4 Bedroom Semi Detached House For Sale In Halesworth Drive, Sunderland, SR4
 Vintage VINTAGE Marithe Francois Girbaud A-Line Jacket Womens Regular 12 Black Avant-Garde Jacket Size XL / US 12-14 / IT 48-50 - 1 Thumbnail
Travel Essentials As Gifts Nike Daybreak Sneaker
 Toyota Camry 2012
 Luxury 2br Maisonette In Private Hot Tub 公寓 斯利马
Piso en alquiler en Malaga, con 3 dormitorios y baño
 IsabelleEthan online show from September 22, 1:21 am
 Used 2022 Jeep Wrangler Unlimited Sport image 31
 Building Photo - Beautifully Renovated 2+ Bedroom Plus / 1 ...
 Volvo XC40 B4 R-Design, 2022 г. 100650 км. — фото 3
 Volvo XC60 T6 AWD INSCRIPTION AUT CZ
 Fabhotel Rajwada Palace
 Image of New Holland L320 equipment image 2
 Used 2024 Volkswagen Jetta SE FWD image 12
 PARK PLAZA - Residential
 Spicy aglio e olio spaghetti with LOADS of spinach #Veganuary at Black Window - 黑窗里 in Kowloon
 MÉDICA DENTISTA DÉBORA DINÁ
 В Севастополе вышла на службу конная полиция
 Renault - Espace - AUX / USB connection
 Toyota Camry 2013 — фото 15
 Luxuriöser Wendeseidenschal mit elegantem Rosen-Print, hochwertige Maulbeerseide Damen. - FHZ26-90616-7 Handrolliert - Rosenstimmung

■ ■ ■ ■ ■ ■ ■

> WHAT IS NEEDED: Copy every single line of the material above that holds "Black".

> REPLY:
 Vintage VINTAGE Marithe Francois Girbaud A-Line Jacket Womens Regular 12 Black Avant-Garde Jacket Size XL / US 12-14 / IT 48-50 - 1 Thumbnail
 Spicy aglio e olio spaghetti with LOADS of spinach #Veganuary at Black Window - 黑窗里 in Kowloon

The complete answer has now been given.